*Task*
After locating the line that contains "Heren sneakers met" in the records below, write out exactly that line and each line after it through the one that contains "A man facing", and nothing else.

*Dataset excerpts*
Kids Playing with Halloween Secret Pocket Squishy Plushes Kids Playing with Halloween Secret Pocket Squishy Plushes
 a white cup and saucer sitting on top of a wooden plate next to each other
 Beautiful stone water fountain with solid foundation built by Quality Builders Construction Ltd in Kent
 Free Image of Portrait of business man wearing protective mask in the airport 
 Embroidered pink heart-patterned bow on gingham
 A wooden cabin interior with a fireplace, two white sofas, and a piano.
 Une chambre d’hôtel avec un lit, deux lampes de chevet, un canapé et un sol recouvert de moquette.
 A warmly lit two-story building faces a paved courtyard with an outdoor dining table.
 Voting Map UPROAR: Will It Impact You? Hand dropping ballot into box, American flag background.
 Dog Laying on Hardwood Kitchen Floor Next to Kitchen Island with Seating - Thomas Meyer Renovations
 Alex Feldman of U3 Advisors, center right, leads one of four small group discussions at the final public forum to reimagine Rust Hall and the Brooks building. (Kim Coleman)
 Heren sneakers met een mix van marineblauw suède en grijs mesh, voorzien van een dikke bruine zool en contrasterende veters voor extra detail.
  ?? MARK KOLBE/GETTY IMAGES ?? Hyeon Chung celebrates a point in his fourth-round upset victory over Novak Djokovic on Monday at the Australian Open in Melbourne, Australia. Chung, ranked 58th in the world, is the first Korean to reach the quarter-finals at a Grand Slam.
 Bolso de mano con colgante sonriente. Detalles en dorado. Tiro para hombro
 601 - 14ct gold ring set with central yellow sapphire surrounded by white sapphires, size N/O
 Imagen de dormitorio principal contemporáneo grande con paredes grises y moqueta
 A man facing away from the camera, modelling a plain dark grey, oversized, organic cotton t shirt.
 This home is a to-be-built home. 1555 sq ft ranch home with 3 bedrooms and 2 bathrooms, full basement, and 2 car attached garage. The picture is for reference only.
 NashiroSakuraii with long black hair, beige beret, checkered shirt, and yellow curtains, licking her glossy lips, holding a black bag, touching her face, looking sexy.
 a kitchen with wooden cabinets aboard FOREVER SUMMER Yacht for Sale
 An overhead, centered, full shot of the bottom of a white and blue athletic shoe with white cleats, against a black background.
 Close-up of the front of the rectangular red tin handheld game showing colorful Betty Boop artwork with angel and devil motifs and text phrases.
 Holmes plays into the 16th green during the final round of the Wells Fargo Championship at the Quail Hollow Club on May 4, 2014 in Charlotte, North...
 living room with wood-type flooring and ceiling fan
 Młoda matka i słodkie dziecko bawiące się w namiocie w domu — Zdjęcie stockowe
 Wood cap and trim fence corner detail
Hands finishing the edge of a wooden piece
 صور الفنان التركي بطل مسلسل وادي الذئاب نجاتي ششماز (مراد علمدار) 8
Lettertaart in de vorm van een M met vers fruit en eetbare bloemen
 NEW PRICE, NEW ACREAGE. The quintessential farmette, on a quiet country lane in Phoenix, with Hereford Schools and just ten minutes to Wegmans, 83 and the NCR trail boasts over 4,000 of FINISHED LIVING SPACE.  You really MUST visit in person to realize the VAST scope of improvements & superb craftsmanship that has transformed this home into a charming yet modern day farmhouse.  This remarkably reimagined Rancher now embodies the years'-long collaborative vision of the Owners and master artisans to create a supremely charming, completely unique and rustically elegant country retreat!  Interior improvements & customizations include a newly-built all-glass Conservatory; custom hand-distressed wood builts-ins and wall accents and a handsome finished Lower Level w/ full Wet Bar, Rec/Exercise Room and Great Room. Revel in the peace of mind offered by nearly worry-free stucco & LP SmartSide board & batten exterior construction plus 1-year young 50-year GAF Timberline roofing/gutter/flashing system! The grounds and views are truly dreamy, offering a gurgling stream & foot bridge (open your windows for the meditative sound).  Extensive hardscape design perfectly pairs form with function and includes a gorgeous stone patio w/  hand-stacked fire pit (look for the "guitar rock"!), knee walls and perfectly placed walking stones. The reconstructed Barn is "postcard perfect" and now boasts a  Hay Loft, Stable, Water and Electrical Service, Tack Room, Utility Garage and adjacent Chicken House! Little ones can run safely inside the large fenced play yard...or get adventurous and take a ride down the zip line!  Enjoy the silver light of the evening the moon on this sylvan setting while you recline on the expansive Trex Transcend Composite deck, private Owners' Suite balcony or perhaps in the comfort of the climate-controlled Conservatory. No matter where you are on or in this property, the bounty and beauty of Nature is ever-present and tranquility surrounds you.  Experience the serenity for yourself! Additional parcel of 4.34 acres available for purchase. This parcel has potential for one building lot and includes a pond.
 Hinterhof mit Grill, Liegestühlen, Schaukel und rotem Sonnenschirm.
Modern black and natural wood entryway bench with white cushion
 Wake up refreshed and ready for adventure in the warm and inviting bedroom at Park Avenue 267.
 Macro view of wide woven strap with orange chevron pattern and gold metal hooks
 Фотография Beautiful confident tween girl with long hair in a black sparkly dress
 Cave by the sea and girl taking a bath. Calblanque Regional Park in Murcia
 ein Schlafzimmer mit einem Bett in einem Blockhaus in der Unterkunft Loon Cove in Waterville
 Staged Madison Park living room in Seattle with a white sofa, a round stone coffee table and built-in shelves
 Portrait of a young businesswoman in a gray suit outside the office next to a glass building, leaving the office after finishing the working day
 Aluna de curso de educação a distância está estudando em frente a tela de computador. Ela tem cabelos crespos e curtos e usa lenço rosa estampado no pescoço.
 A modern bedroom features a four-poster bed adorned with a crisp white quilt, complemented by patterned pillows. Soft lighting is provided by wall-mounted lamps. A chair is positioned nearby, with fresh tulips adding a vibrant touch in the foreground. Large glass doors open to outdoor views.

*Response*
 Heren sneakers met een mix van marineblauw suède en grijs mesh, voorzien van een dikke bruine zool en contrasterende veters voor extra detail.
  ?? MARK KOLBE/GETTY IMAGES ?? Hyeon Chung celebrates a point in his fourth-round upset victory over Novak Djokovic on Monday at the Australian Open in Melbourne, Australia. Chung, ranked 58th in the world, is the first Korean to reach the quarter-finals at a Grand Slam.
 Bolso de mano con colgante sonriente. Detalles en dorado. Tiro para hombro
 601 - 14ct gold ring set with central yellow sapphire surrounded by white sapphires, size N/O
 Imagen de dormitorio principal contemporáneo grande con paredes grises y moqueta
 A man facing away from the camera, modelling a plain dark grey, oversized, organic cotton t shirt.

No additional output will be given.